Exercise aim =
Copy out each line of the listing below that contains the word "Crystal".
▼▼▼
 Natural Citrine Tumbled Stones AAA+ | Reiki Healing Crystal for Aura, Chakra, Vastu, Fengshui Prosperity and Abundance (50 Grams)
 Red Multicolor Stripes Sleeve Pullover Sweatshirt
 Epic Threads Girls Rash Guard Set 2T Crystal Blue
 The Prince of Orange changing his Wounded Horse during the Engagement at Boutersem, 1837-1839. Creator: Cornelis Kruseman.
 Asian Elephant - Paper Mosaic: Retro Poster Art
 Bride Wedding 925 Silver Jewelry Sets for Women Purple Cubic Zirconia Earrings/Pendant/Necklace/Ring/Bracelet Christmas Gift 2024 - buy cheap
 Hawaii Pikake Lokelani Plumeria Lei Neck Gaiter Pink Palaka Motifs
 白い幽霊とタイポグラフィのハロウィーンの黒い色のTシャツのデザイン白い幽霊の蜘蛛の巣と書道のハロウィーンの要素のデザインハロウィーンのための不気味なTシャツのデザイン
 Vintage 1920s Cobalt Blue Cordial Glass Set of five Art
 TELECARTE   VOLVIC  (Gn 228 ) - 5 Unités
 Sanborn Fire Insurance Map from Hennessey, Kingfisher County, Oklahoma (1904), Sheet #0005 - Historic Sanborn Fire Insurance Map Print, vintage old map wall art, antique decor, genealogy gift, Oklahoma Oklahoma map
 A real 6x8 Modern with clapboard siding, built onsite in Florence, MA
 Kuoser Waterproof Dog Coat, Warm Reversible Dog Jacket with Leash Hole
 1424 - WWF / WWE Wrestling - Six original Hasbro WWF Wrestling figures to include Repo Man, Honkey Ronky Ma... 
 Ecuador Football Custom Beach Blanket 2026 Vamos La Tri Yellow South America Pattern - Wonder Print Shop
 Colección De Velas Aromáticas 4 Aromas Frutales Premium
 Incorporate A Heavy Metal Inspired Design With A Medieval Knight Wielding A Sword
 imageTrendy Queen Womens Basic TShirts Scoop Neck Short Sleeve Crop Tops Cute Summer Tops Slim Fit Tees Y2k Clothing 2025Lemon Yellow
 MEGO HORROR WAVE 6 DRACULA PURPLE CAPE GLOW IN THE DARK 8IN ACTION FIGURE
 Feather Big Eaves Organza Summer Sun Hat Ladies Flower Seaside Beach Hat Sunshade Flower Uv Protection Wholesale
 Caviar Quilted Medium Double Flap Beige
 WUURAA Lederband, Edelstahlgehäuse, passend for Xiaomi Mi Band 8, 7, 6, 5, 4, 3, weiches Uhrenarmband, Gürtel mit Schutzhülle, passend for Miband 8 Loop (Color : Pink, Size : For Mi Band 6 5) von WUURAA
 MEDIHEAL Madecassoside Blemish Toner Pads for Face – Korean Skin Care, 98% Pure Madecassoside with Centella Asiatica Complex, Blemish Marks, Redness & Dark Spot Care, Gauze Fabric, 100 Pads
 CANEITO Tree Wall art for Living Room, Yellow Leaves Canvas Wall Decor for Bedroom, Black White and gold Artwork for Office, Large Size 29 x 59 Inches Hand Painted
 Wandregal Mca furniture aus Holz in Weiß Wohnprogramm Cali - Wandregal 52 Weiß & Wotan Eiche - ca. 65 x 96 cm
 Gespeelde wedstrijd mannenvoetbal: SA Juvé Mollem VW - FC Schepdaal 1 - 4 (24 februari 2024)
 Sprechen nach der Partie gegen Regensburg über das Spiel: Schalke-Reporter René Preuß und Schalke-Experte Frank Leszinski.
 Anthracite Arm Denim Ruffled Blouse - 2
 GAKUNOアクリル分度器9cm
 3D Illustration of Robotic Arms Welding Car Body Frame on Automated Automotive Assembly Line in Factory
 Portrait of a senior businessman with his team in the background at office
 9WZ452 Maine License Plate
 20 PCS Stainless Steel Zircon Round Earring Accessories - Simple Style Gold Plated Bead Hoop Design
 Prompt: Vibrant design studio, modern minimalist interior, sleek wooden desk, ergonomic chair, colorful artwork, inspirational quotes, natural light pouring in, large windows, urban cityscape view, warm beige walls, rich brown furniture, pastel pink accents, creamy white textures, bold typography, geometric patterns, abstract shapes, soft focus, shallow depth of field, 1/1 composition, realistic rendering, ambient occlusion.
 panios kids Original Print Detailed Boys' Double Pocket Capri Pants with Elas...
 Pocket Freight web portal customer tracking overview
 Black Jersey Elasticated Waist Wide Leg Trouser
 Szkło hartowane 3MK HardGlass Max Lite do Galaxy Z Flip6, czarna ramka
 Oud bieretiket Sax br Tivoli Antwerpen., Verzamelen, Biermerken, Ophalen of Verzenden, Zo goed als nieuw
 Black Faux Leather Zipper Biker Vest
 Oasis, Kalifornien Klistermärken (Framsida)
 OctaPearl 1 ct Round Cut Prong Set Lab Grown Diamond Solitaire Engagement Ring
▲▲▲
Task output =
 Natural Citrine Tumbled Stones AAA+ | Reiki Healing Crystal for Aura, Chakra, Vastu, Fengshui Prosperity and Abundance (50 Grams)
 Epic Threads Girls Rash Guard Set 2T Crystal Blue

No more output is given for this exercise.